On n’est plus dans l’individualisation mais dans la personnalisation des apprentissages ;    deux options s'opposent, en effet,  derrière une apparente similitude: personnaliser ou individualiser.

 

   Individualiser c'est organiser de l'extérieur un savoir sur l'intime du sujet, auquel ce dernier sera au mieux associé. Personnaliser, c'est au contraire permettre au sujet de produire sa parole et de la mettre en place du discours qu'on a sur lui, c'est lui rendre les rênes de sa propre éducation.

 

   Individualiser l'éducation c'est pour, le maître l'occasion, de faire preuve de sa science et de haute technicité: il va produire, adapter ou copier des foules d'exercices, de tests, d'évaluations, de situations d'apprentissage et les ajuster précisément  à l'enfant. Pas de doute, il devient alors une espèce de technicien, le détenteur d'un savoir à la fois didactique, pédagogique qui détiendrait des savoirs experts sur l'enfant lui-même.

 

   Personnaliser l'éducation, c'est s'ouvrir à l'expression de l'enfant, lui donner des espaces d'expression et d'écoute dans le groupe, dans des sous groupes et même tout seul. C'est l'appeler à imaginer, à créer son travail, mais aussi à le critiquer et à le faire évoluer tout en lui donnant toujours un sens collectivement reconnu. Bref, c'est aussi travailler, dans le long terme, le durable, vers l'autonomie, le sens critique, le projet de vie. C'est prendre l'enfant pour un tout global,  la fois affectif, cognitif, politique et social qu'il s'agira de faire évoluer harmonieusement dans toutes ses directions. (Ott ; 2001).

 

Or, ce n’est pas avec des individus que l’on peut construire à l’école un collectif qui soit réellement éducatif et porteur de citoyenneté, mais avec des personnes et cela suppose de travailler dans deux dimensions indissociables mais si souvent opposées en éducation, à savoir le développement de l’expression personnelle et une certaine créativité collective, au sein d’un groupe actif et porteur d’initiatives sociales.

 

La pédagogie Freinet a justement comme caractéristique d’allier et de tenir liées ces deux dimensions éducatives au cœur même de son projet ; par ses techniques d’expression mais aussi de communication, par la pratique de l’encouragement des enfants à aller vers un véritable travail d’utilité collective et sociale, la pédagogie Freinet met en lien le développement personnel des enfants avec leur participation à l’édification d’un collectif tolérant et citoyen, au sein duquel ils sont pleinement acteur.

 

    Contrairement à ce que l’on dit souvent, « on sait » construire de la citoyenneté à l’école ; cela est possible en partant des enfants, des parents et en adoptant une pédagogie de l’appropriation des lieux et du temps ; cela suppose par contre d’avoir un rapport libéré avec la hiérarchie, et la possibilité de faire reconnaître, de capitaliser et de diffuser des expériences réussies qui  ne soient pas seulement l’illustration des propos, du Ministre du moment.

 

 

Références :

 

Freinet, Célestin : « Education du travail » ; Delachaux et Niestlé ; 1978.

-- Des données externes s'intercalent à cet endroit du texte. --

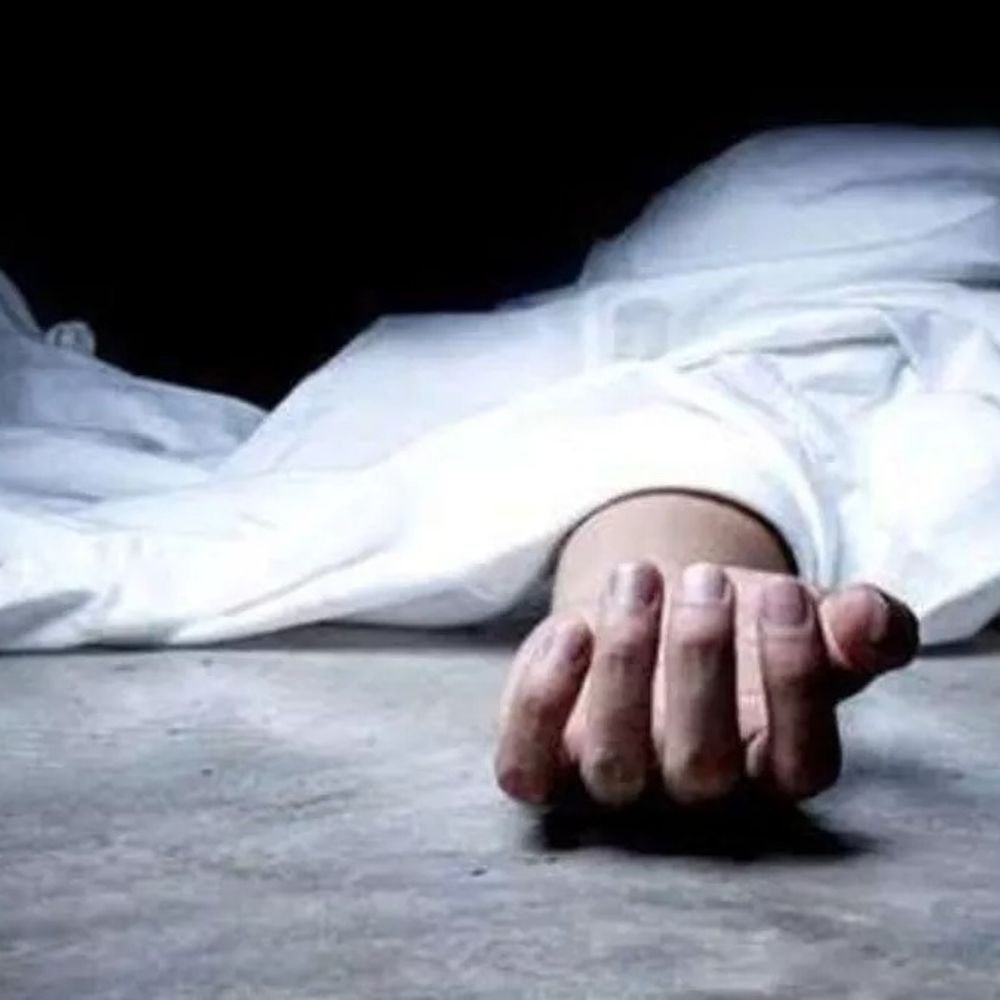 लखनऊ में अज्ञात युवक का शव मिला:दोनों पैर बंधे थे, सिर पर चोट के निशान; पुलिस जांच में जुटी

Galichet, François : "Citoyenneté une nouvelle alphabétisation"; SCEREN 2003

Laffitte, Jacques : « Mémento de pédagogie institutionnelle » ; éditions Matrice ; 1997.

Ott, Laurent :

*          « L’école au piquet- mauvaises pensées d’un instituteur de banlieue » ; Albin Michel ; 2001.

*          Travailler avec les familles (Eres 2004).